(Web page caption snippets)
···
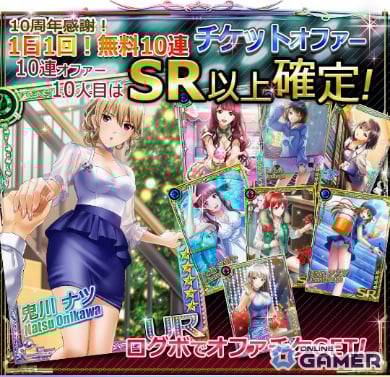 「六本木サディスティックナイト」10周年記念企画を開始！MRオファーチケット配布や新楽曲「BLACK DIAMOND」公開の画像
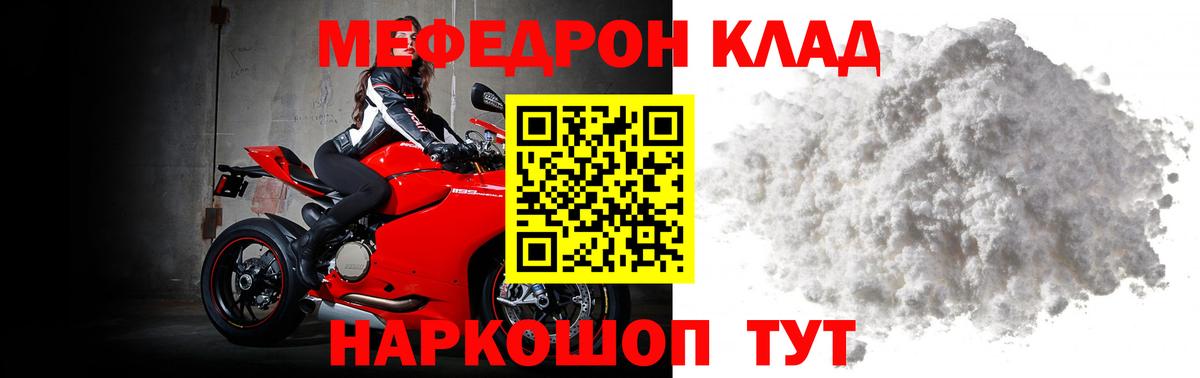 Меф мяу мяу мука Рузаевка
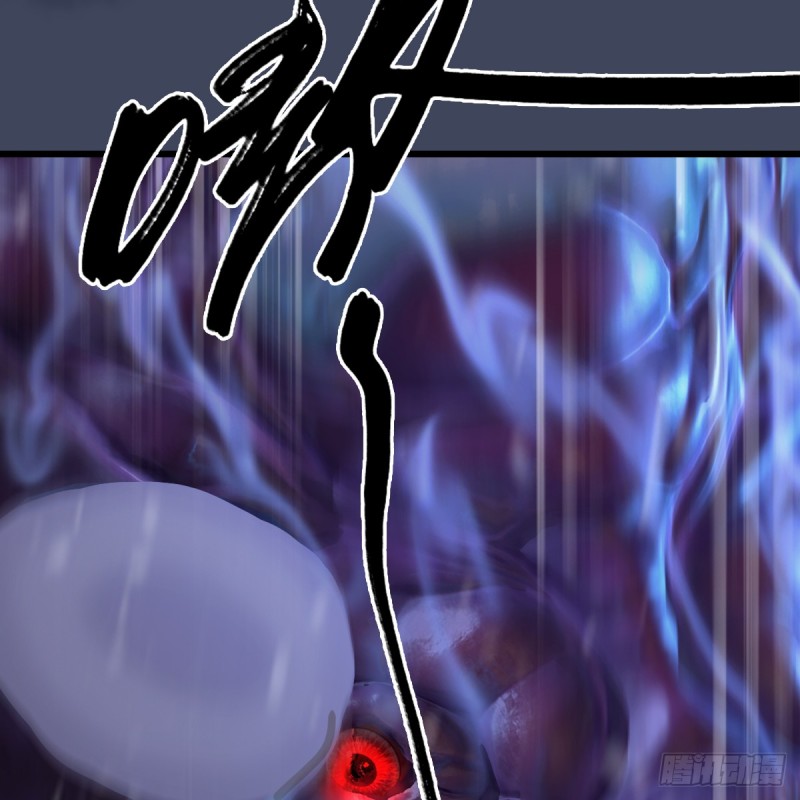 第273话：又遇海玄兽65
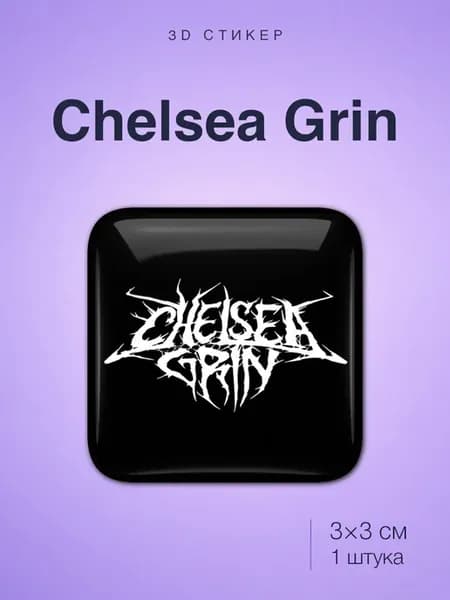 Chelsea Grin стикер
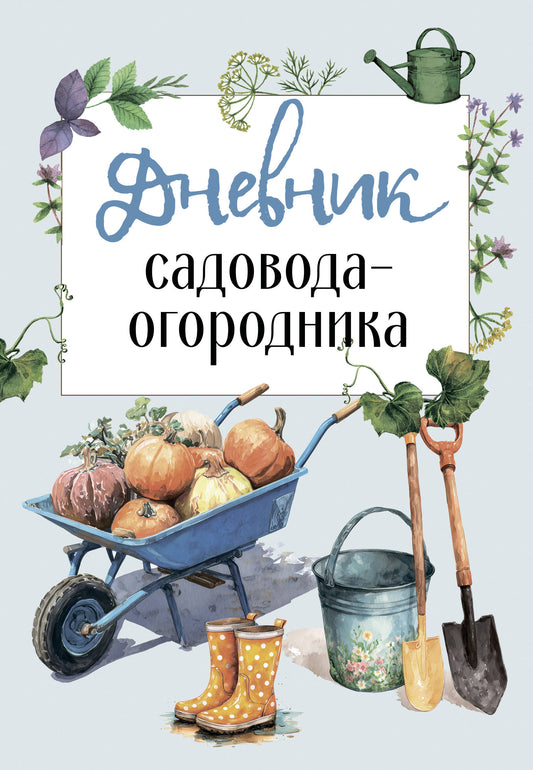 Дневник садовода-огородника (бесшвейка)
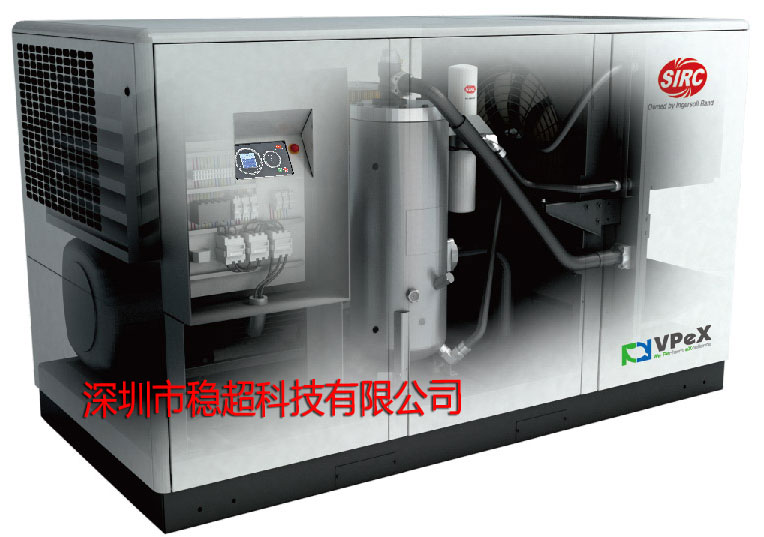 直銷50a螺桿式空壓機(jī)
···
• [Requirement]:
Using the records above, copy exactly and only the lines from the line with "Меф мяу мяу мука Рузаевка" through the end, both included; leave every picture out.

• [Exercise answer]:
 Меф мяу мяу мука Рузаевка
 第273话：又遇海玄兽65
 Chelsea Grin стикер
 Дневник садовода-огородника (бесшвейка)
 直銷50a螺桿式空壓機(jī)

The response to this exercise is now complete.